The yellow markers on the map above are all on logging roads and make for an  easy walk. On the map above notice where the trail marker begins the portion of the route marked with blue arrows. This road leads north around the edge of a hill. As soon as I left the logging road I noticed lots of bear scat -- in the manzanita-- a common sight around here. As the "road" degraded rapidly into a trail I realized that the "trail" was nothing more than a game track. I am used to finding and following deer trails all over where I've been searching for pikas, but this was different -- this was a bear trail. Not only was the scat obvious, but the large broken Ceanothus velutinus and others were good evidence that a large-bodied, not-very-careful animal was muscling through the brush. After making it around the hill and after descending a little, the brush got even closer and the trail was lost. Now down from the hill and heading toward the lava through the brush I heard a loud crash of vegetation that I took to be a large animal exiting the area, out of my sight, but not far away. Although I never had carried pepper spray on Mount Shasta before, I did bring along my "Bear Assault" canister I had from my trips into the Eddies, just west of Weed and considerably more bear-infested. So, I sat down and read the instructions. Although it recommends trying the canister before needing it, it also made the point not to practice in bear areas. Pepper spray? Don't let the bears smell the pepper spray? Bears like Mexican food!!!?

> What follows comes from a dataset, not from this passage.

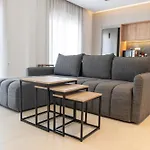 30 Roses Grey Апартаменты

Before long I was out on the lava at the far north and east part of the "garden." This is indicated with brown markers on the map.I was amazed at how the basalt lava blocks allowed for very deep crevices. It was certainly a different geology than what I am used to in the andesite talus slopes. Although I didn't see any evidence of lava tubes or the tendency for those formations, there was enough relief on the lava to have most slope aspects represented.  The traverse across the lava was not as difficult as I had feared but was slow and tedious. After hearing the pika and waiting,  I made the decision to stay on the rocks and go west, slightly downslope. The brush looked too thick to just proceed south on the contour and make a narrow loop. Even by going downslope and staying on the rocks I ended up with vegetation hemming me in. Several attempts to make it across a small, vegetated ravine resulted in getting completely thwarted each time.  The green arrows show the route trying to find passage ways through the brush. The red markers show the worst spots. In these, especially the last one, I had to "swim" through masses of Arctostaphylos patula, Ceanothus velutinus, Quercus chrysolepis in such a fashion that I couldn't usually see the ground-- I was standing on branches and moving quadrupedal by grasping--and the shrubbery was 10' above my head. I had taken a careful look and it seemed I had to travel about 50' through the mess until I would reach a clearing and the logging roads.

I left the Ochotona site at 3:30 pm and it took me until 5:30 to reach the clearing and the logging road. It was just getting dark. I had made the choice to try to loop around-- to come back through the flow rather than to exit the flow the way I came. It was almost a bad choice because the vegetation was such a barrier. I was never ultimately too worried -- I knew that I could always work my way down the entire flow on the lava-- to the railroad tracks. That would take a long time, but there was a full moon and it was nice weather. As it was, I made it to the logging roads by dark and back to my car by 7:00 pm. It was a 10.4 mile round trip hike, starting at 3,600' climbing to 4,800. Devil's Garden might be 3.5 miles east of Weed, but to get to the pika locality, one needs to hike more than that.

My best thought for a return trip is to study Google Earth aerial photos to see if I can't find a "rock only" path into the site.